On the afternoon of the second day following the rescue of Dorothy, Mr. Thorpe, accompanied by his child, visited Mr. Harris by urgent invitation. The trees were still dressed in their leafy glow of autumn glory and, with the luxuriant green velvety grass of the lawn, invited a pause for contemplation of the entrancingly serene and happy condition earth intended her children to enjoy. Above was a clear, infinitely beautiful blue sky, through which the radiant orb of day poured down its golden shafts of light in masses of exuberant splendor and warmth.

It was an environment singularly touching and persuasive in its appeal to human nature for “Peace on earth and good will toward men.”

As John Thorpe and his child walked up the path toward the house and arrived near the spot where his quarrel with Mr. Corway had taken place, just one week previous, he could not but halt, sensitive to the insidious influence so softly streaming about him – so gentle, yet so powerful in contra-distinction to the unhappy change that had so recently come into his life. Oh, for something to banish the bitter memories conjured up as his gaze riveted on the “damned spot” where his wife’s inconstancy had been told to him.

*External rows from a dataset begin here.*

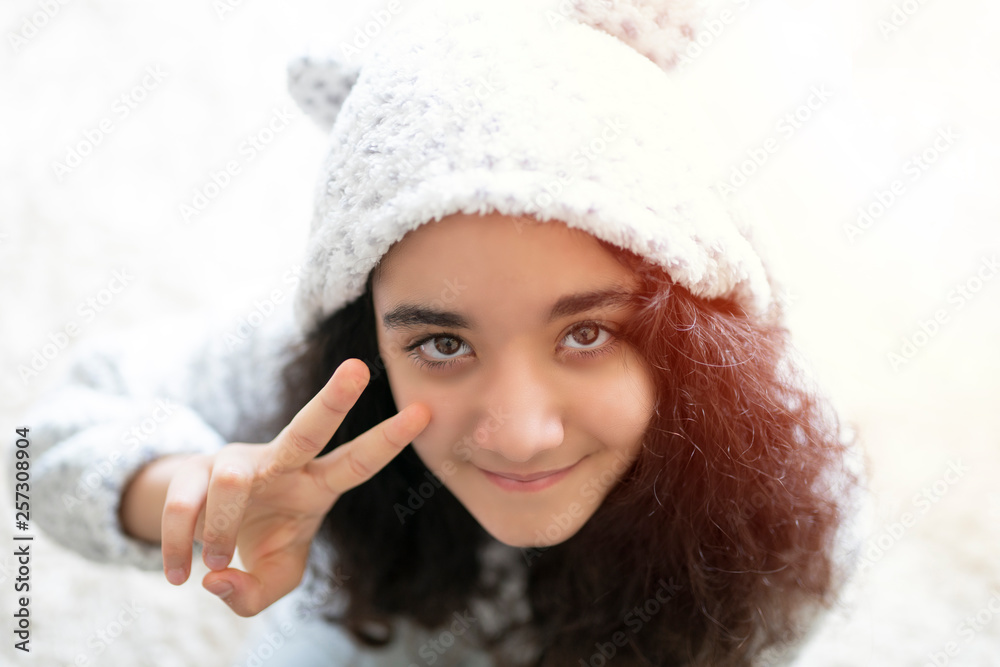girl child doing victory sign with her hand girl child doing victory sign with her hand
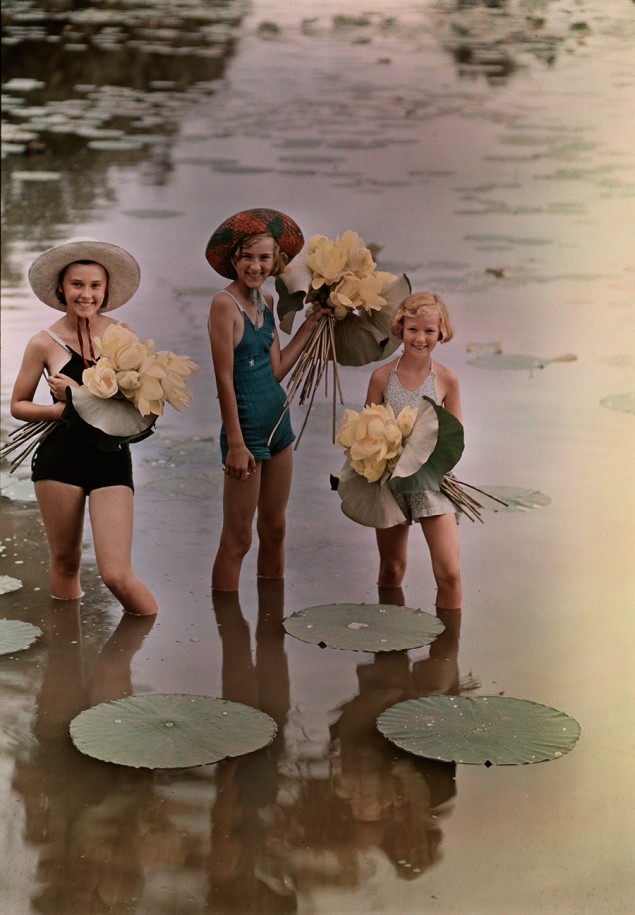 Girls standing in water holding bunches of American Lotus, Amana, Iowa, November 1938. PHOTOGRAPH BY J. BAYLOR ROBERTS, NATIONAL GEOGRAPHIC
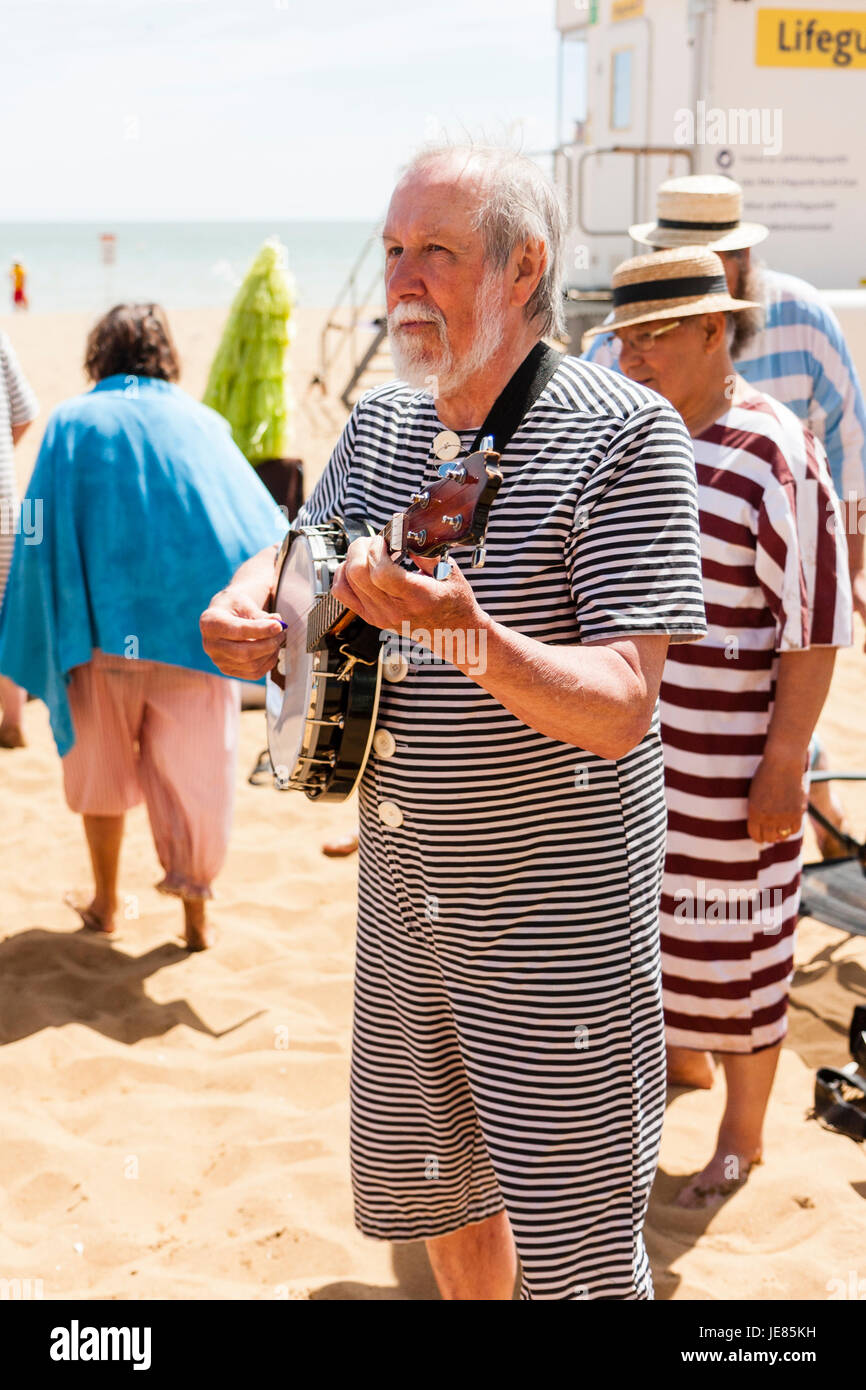 Älterer Mann, 60 Jahre, mit kurzen weißen Brot, tragen Viktorianische Badeanzug, stehend auf Strand Festlegung der Banjo. Stockfoto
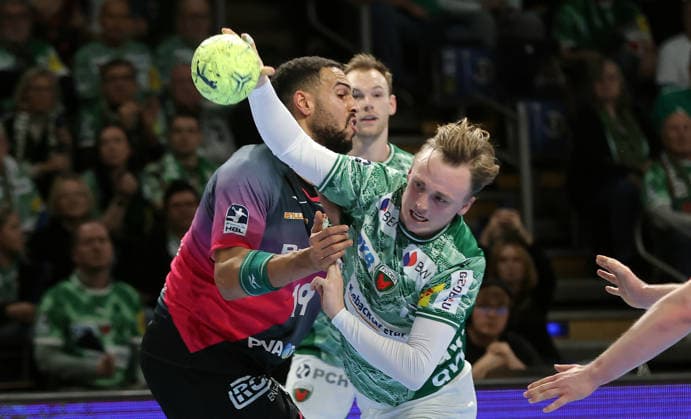 Philipp Ahouansou, Tobias Schjoelberg Groendahl on the ball duel Match scene Action Sport Handball HBL Bundesliga Men 17 Matchday Season 2025 2026 14 12 2025 Füchse Berlin vs HSG Wetzlar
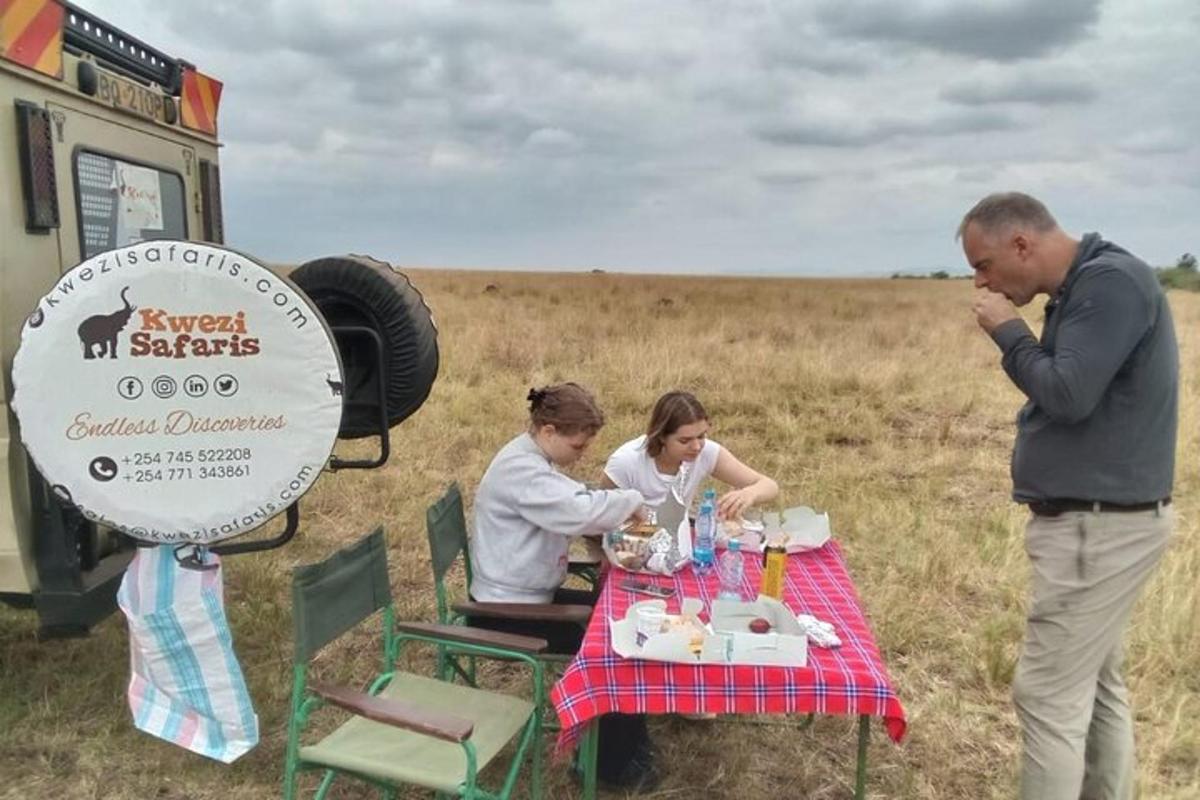 skupina lidí sedících u piknikového stolu na poli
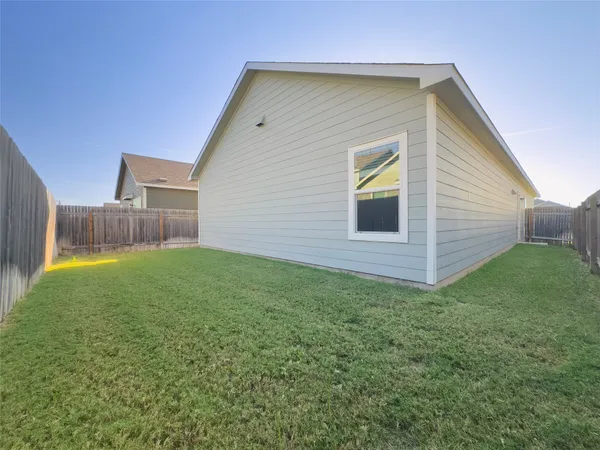a view of a backyard of the house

And as he looked, a far-off dreamy stare settled in his eyes, as there unrolled before his vision the sweet bliss of happy years fled – gone, as he thought, never to return.

“Oh, God!” he exclaimed, overwhelmed with sudden emotion, and he clapped his hand to his forehead as an involuntary groan of anguish welled up from his heart.

His composure slowly returned to him, but the eroding effect of his smothered anguish would not obliterate, and he found himself thinking, “It was unwise to come to this place – here where memory is embittered by recollections of what has been. Terrible revelation! Terrible! Yet – I could not have been brought to credit it but for the evidence of my eyes.”

These words seemed to startle him with a new light, for he paused, and then in a voice almost reduced to a whisper, fruitful with eager doubt, said, “What have my eyes proved to me? Is there room for a possibility of a mistake? No, no! The ring is evidence of her guilt. Oh, Constance, when I needed you, the world owned no purer or more perfect woman; but now – fallen, fallen, fallen!”

While deeply absorbed in sad reflection, Dorothy stole to his side and, looking up, wistfully, in his face, said:

“Dear papa, isn’t mama here, either?”

The question from the child, uppermost in her mind, aroused him from his heart-aching reverie. He looked at her sternly. “Mama,” he repeated; “child, breathe that name no more! Banish it from your memory! Oh, no, no, no! I did not mean that!” and he turned his head aside with downcast eyes, shocked and ashamed at his passionate outburst in the presence of his little child.

He sat down on a bench and put her on his knee, and as he did so became conscious of the child again looking wistfully in his eyes.

“Well, you are sorry for leaving mama in that old cabin, aren’t you?”

It forced him to turn his eyes away from her, and with a tremor of pain in his voice, muttered: “Twenty times the child has said that to me today,” and, turning to her, he said gently and with infinite compassion:

“Dorothy, you are too young to comprehend. It is my intention to remove you from the home of your birth, to take you East, and educate you there. Now, don’t trouble me with questions, dear,” and he kissed the fair young brow and, looking into her sweet innocent brown eyes, he saw reflected in them her mother’s.

Then he turned his head aside and muttered: “So much like her mother! Oh, Constance! Constance! My judgment condemns you, but my heart – my heart will not leave you!”

Down from the house leisurely strolled Mr. Harris and Hazel.

“His Grace has just communicated to me the most amazing information about Virginia. It is so absurd that I felt quite angry with him for mentioning it,” Hazel said quite seriously.

“And what did he tell you?” inquired Mr. Harris. “If it is no secret?”

“He told me that it is common talk that she was found in the cabin with Constance at the time of Dorothy’s rescue by her father, having just rewarded the Italian for abducting the child, and that they both swooned when uncle found them there.”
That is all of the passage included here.